Now, scientists at Ohio State University have taken a step toward building durable structures from artificial lunar dust. By melting simulated moon soil with a specialized 3D laser-printing method, they created small but extremely heat-resistant components. In the future, similar materials could be used to produce buildings and tools directly on the moon, reducing the need to haul heavy supplies from Earth and making missions more economical.
In their study, published in Acta Astronautica, the team tested the material under a range of environmental conditions to see how it might perform in space. The goal is to give astronauts technologies that are flexible, reliable, and efficient in unpredictable lunar settings.
Using Space Resources to Build Permanent Stations
If humans want to set up camp on the moon, it makes far more sense to build with local materials rather than ship everything from Earth. But developing In Situ Resource Utilization (ISRU) technology for long-term space missions isn’t easy. Systems must be engineered on Earth to withstand extreme space conditions, including vacuum, abrasive dust, and dramatic temperature swings.
“There are conditions that happen in space that are really hard to emulate in a simulant,” said senior study author Sarah Wolff, assistant professor in mechanical and aerospace engineering at Ohio State, in a press statement. “It may work in the lab, but in a resource-scarce environment, you have to try everything to maximize the flexibility of a machine for different scenarios.”
That’s why researchers are developing additive manufacturing systems designed to minimize the need for Earth-based materials and equipment. The fewer astronauts depend on resupply missions, the more flexible and efficient lunar operations can become.
Read More: Establishing a Moon Time Zone Could Benefit Future Missions to Mars
3D Printing With Simulated Lunar Dust
The Ohio State team focused on incorporating lunar dust — or rather a synthetic stand-in known as lunar regolith simulant — into future building processes. This artificial material mimics soil from the moon’s cratered highlands, which are rich in dark basaltic rock.
The researchers melted the simulant with a laser and printed it in layers onto various base materials to see which combinations worked best. Stainless steel and glass didn’t perform particularly well. An alumina-silicate ceramic substrate, however, showed the strongest adhesion.
They also tested environmental factors, such as oxygen concentration, laser strength, and printing speed. All of these variables influenced the final structure’s durability and stability.
“By combining different feedstocks, like metal and ceramics, in the printing process, we found that the final material is really sensitive to the environment,” said study lead author Sizhe Xu, graduate research associate in industrial systems engineering at Ohio State University, in the release. “Different environments lead to different properties, which directly affect the mechanical strength and the thermal shock resistance of certain components.”
Benefits Back on Earth
While the results are promising, more testing is needed to understand how the technology would perform in real lunar conditions.

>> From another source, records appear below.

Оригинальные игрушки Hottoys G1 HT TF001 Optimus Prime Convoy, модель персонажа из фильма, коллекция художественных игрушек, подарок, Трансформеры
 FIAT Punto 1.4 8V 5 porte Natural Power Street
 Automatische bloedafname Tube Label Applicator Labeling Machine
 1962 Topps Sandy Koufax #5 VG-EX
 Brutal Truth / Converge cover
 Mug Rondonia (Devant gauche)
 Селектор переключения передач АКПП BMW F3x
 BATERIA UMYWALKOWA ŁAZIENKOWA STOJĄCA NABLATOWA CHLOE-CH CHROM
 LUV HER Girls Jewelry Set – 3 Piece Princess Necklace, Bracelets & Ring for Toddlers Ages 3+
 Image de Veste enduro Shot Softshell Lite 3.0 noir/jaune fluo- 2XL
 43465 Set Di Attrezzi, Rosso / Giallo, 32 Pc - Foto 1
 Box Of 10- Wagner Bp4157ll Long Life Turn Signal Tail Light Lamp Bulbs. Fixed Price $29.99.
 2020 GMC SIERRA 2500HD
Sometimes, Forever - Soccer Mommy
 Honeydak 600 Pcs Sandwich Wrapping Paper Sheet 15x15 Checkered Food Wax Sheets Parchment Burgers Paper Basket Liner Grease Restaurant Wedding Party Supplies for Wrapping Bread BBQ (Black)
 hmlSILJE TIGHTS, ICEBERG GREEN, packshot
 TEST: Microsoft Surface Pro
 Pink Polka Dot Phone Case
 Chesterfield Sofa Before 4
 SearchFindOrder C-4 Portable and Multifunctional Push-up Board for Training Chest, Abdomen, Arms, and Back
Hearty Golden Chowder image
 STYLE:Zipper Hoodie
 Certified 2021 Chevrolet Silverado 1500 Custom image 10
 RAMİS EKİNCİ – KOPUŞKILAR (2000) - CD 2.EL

The team also proposed exploring solar-driven energy harvesting as a potential alternative to electricity for powering the printing process.
“There are so many applications that we’re working toward that with new information, the possibilities are endless,” said Xu.
Beyond space exploration, the research could have practical benefits closer to home. Developing manufacturing methods that rely on local materials instead of extensive supply chains could help address resource shortages and improve sustainability on Earth.
“If we can successfully manufacture things in space using very few resources, that means we can also achieve better sustainability on Earth,” said Wolff. “To that end, improving the machine’s flexibility for different scenarios is a goal we’re working really hard toward.”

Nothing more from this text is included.